Lieutenant H. Hawes does not like his first name. His friends call him Hawser. He wants to be a pilot but does not make it in pilot school in the military, so he becomes the next best thing: a bombardier.
He is assigned to a crew on the B-17 in World War II. After extensive training they fly bombing missions into Germany. The odds are that six out of ten will die doing this job. And when they die, there are no funerals. They just don’t come back. Their bunks are empty and the next day a new soldiers move in.
Long before he can complete his 25 missions, after which crew members are sent home, he is shot down over Germany and becomes a prisoner of war. When he thought he has seen the worst of the horror at the hands of the Nazi captors, he is crushed by the realization that even worse atrocities lie before him when he ends up behind enemy lines.

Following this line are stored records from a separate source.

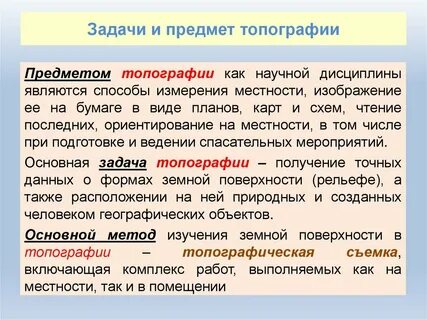 Задачи по топографии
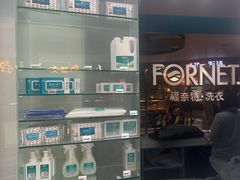 -福奈特洗衣洗鞋(博山路旭辉店)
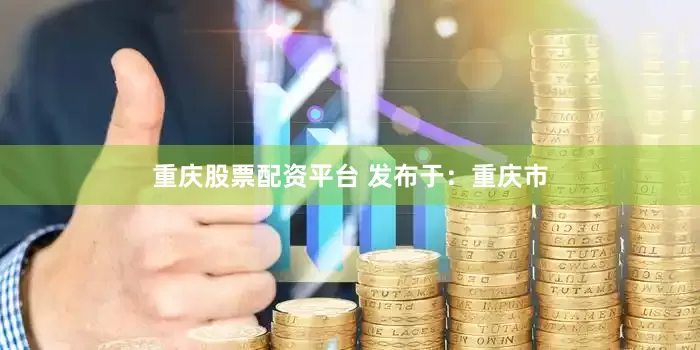 重庆股票配资平台 发布于：重庆市
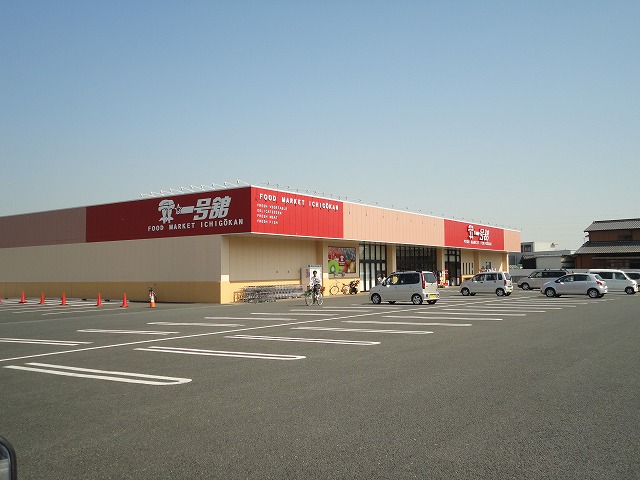 スーパー　一号舘小牧店（スーパー）まで617m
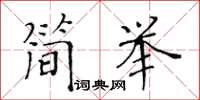 黃華生簡舉楷書怎么寫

I have read a lot of books about World War II. Just recently I re-read King Rat, which plays in a prison camp in the Pacific. Emaciated prisoners live in the tropics, bitten by bugs, suffocated by intense heat, sick with dysentery, abused by the Japanese. At the same time American prisoners like Hawser are kept in camps in Poland, in snow and ice, with arctic winds blowing through the floor board of their huts, where they never get warm enough, where they have to stand at roll call in the snow for hours, some of them without shoes and feet wrapped in rags.
Another World War II book about prisoners, in this case women, was A Town Like Alice by Nevil Shute. Five Chimneys – by Olga Lengyel is a harrowing account of life in a Nazi death camp. Just recently I read All the Light we Cannot See – by Anthony Doerr. It illustrates the lives of children growing up in the war in Germany. Then, of course, there is Unbroken – by Laura Hillenbrand, the riveting story of Louie Zamperini, the Olympian who flew in the Pacific and got shot down by the Japanese.
Hawser belongs with these books. The author takes us into the B-17 and we fly the missions with them. We feel the cold of the airplane at 30,000 feet and 50 degrees below zero. The lack of oxygen makes us dizzy. And the terror, the absolute terror of knowing that the next cannon bullet from a Nazi fighter could end it all, right there in the freezing sky high above the clouds, paralyzes us and the only thing we can do is become numb and shoot back with a vengeance. We endure eight hours over enemy land, hundreds of minutes of fear, tens of thousands of seconds of despair.
The story is reminiscent of the plot of the 1990 movie Memphis Belle. It’s the same plane. If I remember right, there was a scene where the ball (the bubble on the belly of the plane where a gunner was sitting) got jammed, and the landing gear was broken. The gunner could not get out because the ball was jammed, and the belly landing would surely crush him. What to do? There is an identical scene in Hawser, which prompted me to wonder how common this situation was in the war.
The title of the book does not do it justice. It tells the prospective buyer nothing about what a ride he is in for. But don’t let that deter you. The author has researched the subject meticulously. It feels like he was a B-17 bomber pilot himself, even though that’s unlikely. He knows what life was like in a German prison camp. He knows how the country came apart at the seams in the last few years of the war. He shows us Germany from the inside, and how the Nazi machine not only ruined the lives of all the people it conquered and tortured, but also those of the Germans themselves. Generations were devastated, and Hawser tells the story about it.
After I finished the book, I researched maps of England and Germany and checked out locations. I pulled up diagrams and photographs of the plane. Here are some good shots of the inside of a restored B-17.
Stories like this one, playing in Germany in WW II, bring home my ancestry. My father was nine years old in 1945. He hardly knew his father, who was a soldier stationed in Italy. He only came home for a few days of leave every year or so.
When the Russians overran Poland and eastern Germany in 1945, they raped women and girls indiscriminately before they killed everyone. To get away, my father, his mother and siblings left their home in Breslau, Silesia as refugees, heading for Bavaria.
Had that not happened, my own parents would never have met, and I would not be writing this book review. Hawser brings that time to life.